CUDA Tile Open Sourced

Let's see if developers sleepwalk into another trap to keep us locked into nvidia's hardware for the next decade.

pjmlp|2 months ago

It is up to AMD, Intel and Khronos to offer APIs and tools that are actually nice to use.

They have had about 15 years to move beyond C99, stone age workflows to compile GLSL and C99 with their drivers, no libraries ecosystem, and printf debugging.

Eventually some of the issues have been fixed, after they started seeing only hardliners would put with such development experience, and then it was too late.

the__alchemist|2 months ago

IMO it's not Nvidia's fault the competing APIs are high friction.

OneDeuxTriSeiGo|2 months ago

CUDA Tile is an open source MLIR Dialect so it wouldn't take much to write MLIR transforms to map it from the Tile IR to TOSA or gpu + vector + some amdgpu or other specialty dialects.

The Tile dialect is pretty much independent of the nvidia ecosystem so all it takes is one good set of MLIR transform passes to run anything on the CUDA stack that compiles to tile out of the nvidia ecosystem prison.

So if anything this is actually a massive opportunity to escape vendor lock in if it catches on in the CUDA ecosystem.

trueismywork|2 months ago

TileIR is Apache licensed so AMD can implement it as well.

RicoElectrico|2 months ago

Obviously they will, as with the mainframe and cloud.

jauntywundrkind|2 months ago

Will be interesting to see if Nvidia and other have any interest & energy getting this used by others, if there actually is an ecosystem forming around it.

Google leading XLA & IREE, with awesome intermediate representations, used by lots of hardware platforms, and backing really excellent Jax & Pytorch implementations, having tools for layout & optinization folks can share: they really build an amazing community.

There's still so much room for planning/scheduling, so much hardware we have yet to target. RISC-V has really interesting vector instructions, for example, and it seems like there's so much exploration / work to do to better leverage that.

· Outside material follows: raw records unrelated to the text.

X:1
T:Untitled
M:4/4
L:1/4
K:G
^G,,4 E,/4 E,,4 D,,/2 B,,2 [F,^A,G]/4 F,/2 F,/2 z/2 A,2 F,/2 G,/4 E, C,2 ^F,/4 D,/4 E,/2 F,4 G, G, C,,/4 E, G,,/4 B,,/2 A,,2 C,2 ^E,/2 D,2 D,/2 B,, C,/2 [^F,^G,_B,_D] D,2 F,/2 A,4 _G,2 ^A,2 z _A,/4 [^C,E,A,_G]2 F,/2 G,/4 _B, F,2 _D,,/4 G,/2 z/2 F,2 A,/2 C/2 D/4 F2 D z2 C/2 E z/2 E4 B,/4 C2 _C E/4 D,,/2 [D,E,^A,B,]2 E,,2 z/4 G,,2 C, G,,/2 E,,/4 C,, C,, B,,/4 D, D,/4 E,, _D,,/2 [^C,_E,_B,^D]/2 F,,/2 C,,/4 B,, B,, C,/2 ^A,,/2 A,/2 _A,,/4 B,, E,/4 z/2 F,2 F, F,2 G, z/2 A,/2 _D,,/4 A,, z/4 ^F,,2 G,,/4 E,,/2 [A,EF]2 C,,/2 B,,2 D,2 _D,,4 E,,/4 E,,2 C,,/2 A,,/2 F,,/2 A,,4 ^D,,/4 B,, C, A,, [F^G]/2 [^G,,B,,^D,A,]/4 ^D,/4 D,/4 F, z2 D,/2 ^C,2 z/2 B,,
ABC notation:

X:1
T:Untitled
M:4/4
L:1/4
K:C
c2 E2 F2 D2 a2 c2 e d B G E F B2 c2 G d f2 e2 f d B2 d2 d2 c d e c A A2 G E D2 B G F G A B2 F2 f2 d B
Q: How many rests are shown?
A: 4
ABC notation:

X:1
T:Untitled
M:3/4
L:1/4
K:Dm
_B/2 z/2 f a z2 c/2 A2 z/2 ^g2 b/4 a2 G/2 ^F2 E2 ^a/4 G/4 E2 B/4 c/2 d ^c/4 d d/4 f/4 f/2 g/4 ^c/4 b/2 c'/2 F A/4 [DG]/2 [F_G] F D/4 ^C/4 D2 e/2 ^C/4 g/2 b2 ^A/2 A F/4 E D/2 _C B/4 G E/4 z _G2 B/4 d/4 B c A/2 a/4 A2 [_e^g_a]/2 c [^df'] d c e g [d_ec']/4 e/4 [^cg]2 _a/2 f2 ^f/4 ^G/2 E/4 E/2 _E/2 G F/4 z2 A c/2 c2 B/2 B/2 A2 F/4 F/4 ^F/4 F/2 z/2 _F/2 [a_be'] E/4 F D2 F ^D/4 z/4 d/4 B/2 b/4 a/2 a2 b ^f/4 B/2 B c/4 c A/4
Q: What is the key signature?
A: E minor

Nvidia has partners everywhere now. Nvlink is used by Intel, AWS Tritanium, others. Yesterday the Groq exclusive license that Nvidia paid to give to Groq?! Seeing how and when CUDA Tiles emerges: will be interesting. Moving from fabric partnerships, up up up the stack.

pjmlp|2 months ago

For NVidia it suffices this is a Python JIT allowing programming CUDA compute kernels directly in Python instead of C++, yet another way how Intel and AMD, alongside Khronos APIs, lag behind in great developer experiences for GPU compute programming.

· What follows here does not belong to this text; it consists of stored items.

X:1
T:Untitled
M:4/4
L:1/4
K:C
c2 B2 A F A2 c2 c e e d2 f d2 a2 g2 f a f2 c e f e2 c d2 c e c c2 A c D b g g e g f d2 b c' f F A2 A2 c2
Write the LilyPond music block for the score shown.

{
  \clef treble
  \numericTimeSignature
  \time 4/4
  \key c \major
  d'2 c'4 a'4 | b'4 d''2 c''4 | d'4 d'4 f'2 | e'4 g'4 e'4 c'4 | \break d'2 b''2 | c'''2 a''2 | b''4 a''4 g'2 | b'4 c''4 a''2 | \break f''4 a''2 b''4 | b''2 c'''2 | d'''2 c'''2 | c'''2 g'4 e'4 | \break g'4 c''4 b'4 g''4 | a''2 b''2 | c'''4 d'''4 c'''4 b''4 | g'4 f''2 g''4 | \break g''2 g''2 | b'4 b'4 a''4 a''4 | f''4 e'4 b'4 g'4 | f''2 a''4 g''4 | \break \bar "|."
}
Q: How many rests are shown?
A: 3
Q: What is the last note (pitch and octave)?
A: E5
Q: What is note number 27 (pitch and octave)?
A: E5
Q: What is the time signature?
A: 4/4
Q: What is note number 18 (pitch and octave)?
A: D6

Ah, and Nsight debugging also supports Python CUDA Tiles debugging.

https://developer.nvidia.com/blog/simplify-gpu-programming-w...

Moosdijk|2 months ago

> There's still so much room for planning/scheduling, so much hardware we have yet to target

this is nicely illustrated by this recent article:

https://news.ycombinator.com/item?id=46366998

turtletontine|2 months ago

On the RISC-V vector instructions, could you elaborate? Are the vector extensions substantially different from those in ARM or x86?

nl|2 months ago

> Groq exclusive license

non-exclusive license actually.

almostgotcaught|2 months ago

> Google leading XLA & IREE

IREE hasn't been at G for >2 years.

opan|2 months ago

>The CUDA Tile IR project is under the Apache License v2.0 with LLVM Exceptions

gaogao|2 months ago

The compiler for CUDA Tile being Blackwell only is a baffling decision. I wanted to try it out, but it's only really easy to grab H100s quickly right now. I guess maybe I'll try it out on my 5070 Ti after traveling, but am more likely to stick to an IR that targets multiple platforms, since they couldn't be bothered.

robobsolete|2 months ago

I was keen to try it too, but oh well

unknown|2 months ago

[deleted]

boywitharupee|2 months ago

shouldn't the title be "CUDA Tile IR Open Sourced"?

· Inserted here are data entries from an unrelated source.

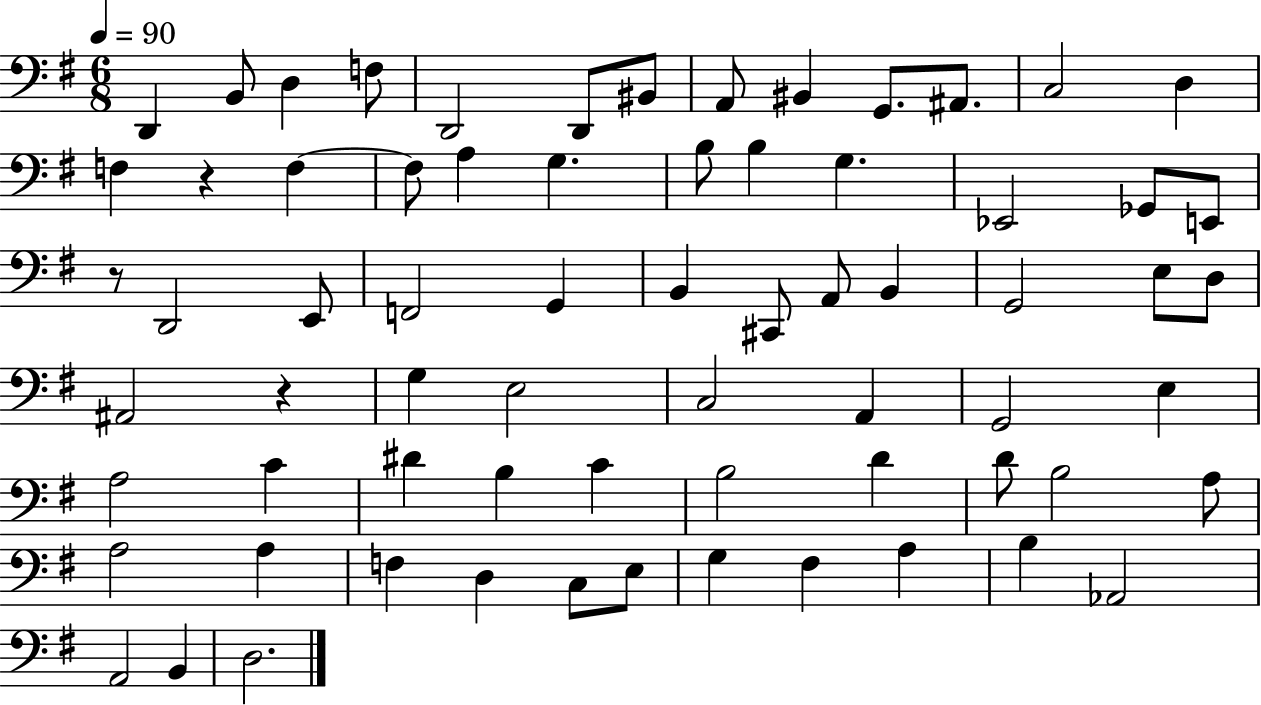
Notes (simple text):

D2/q B2/e D3/q F3/e D2/h D2/e BIS2/e A2/e BIS2/q G2/e. A#2/e. C3/h D3/q F3/q R/q F3/q F3/e A3/q G3/q. B3/e B3/q G3/q. Eb2/h Gb2/e E2/e R/e D2/h E2/e F2/h G2/q B2/q C#2/e A2/e B2/q G2/h E3/e D3/e A#2/h R/q G3/q E3/h C3/h A2/q G2/h E3/q A3/h C4/q D#4/q B3/q C4/q B3/h D4/q D4/e B3/h A3/e A3/h A3/q F3/q D3/q C3/e E3/e G3/q F#3/q A3/q B3/q Ab2/h A2/h B2/q D3/h. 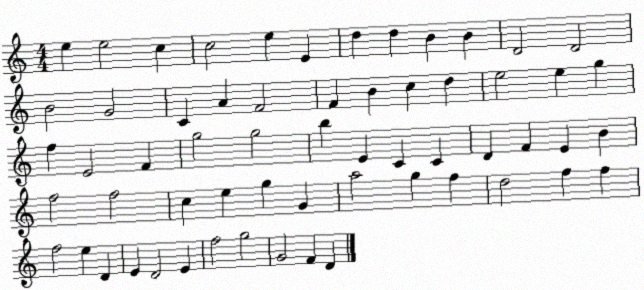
X:1
T:Untitled
M:4/4
L:1/4
K:C
e e2 c c2 e E d d B B D2 D2 B2 G2 C A F2 F B c d e2 e g f E2 F g2 g2 b E C C D F E B f2 f2 c e g G a2 g f d2 f f f2 e D E D2 E f2 g2 G2 F D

OneDeuxTriSeiGo|2 months ago

It's more or less the same thing. CUDA TIle is the name of the IR, cuTile is the name of the high level DSLs.

pyuser583|2 months ago

I’m glad CUDA and “open source” are in the same sentence again.

We’d all prefer cross platform programming, but if you’re going to do platform specific, I prefer open source to closed source.

Thank you NVIDIA!

0-_-0|2 months ago

This is basically the nvidia equivalent of cooperative_matrix_2 in Vulkan which is vendor agnostic and should get much more hype that it's getting.

pjmlp|2 months ago

Maybe Vulkan could provide native support for Python, C++20, and a graphical debugging experience.

It is surely not equivalent as of today.

xmorse|2 months ago

Writing this in Mojo would have been so much easier

3abiton|2 months ago

It's barely gaining adoption though. The lack of buzz is a chicken and egg issue for Mojo. I fiddled shortly with it (mainly to get it working some of my pythong scripts), and it was suprisingly easy. It'll shoot up one day for sure if Latner doesn't give up early on it.

ipsum2|2 months ago

Mojo is not open source and would not get close to the performance of cuTile.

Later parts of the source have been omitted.